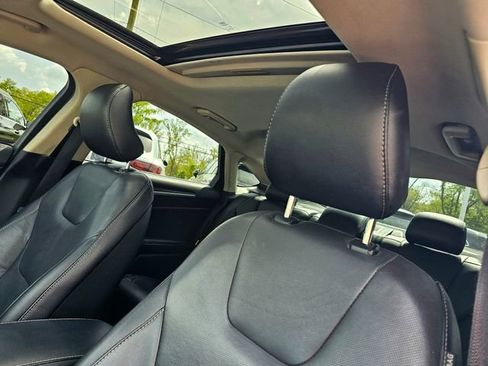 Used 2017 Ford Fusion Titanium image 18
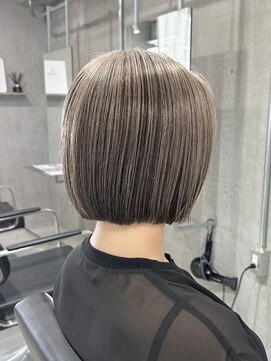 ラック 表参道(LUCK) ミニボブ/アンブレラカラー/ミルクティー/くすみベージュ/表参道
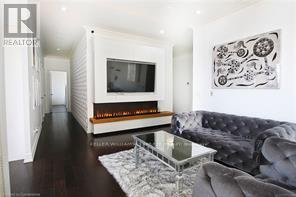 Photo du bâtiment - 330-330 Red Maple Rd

→ **WHAT YOU HAVE TO DO**
What you give back should be exactly the lines from the line holding "ラック 表参道(LUCK) ミニボブ/アンブレラカラー/ミルクティー/くすみベージュ/表参道" through the final line of the material, both ends included, and please leave out the pictures.

→ **YOUR RESPONSE**
 ラック 表参道(LUCK) ミニボブ/アンブレラカラー/ミルクティー/くすみベージュ/表参道
 Photo du bâtiment - 330-330 Red Maple Rd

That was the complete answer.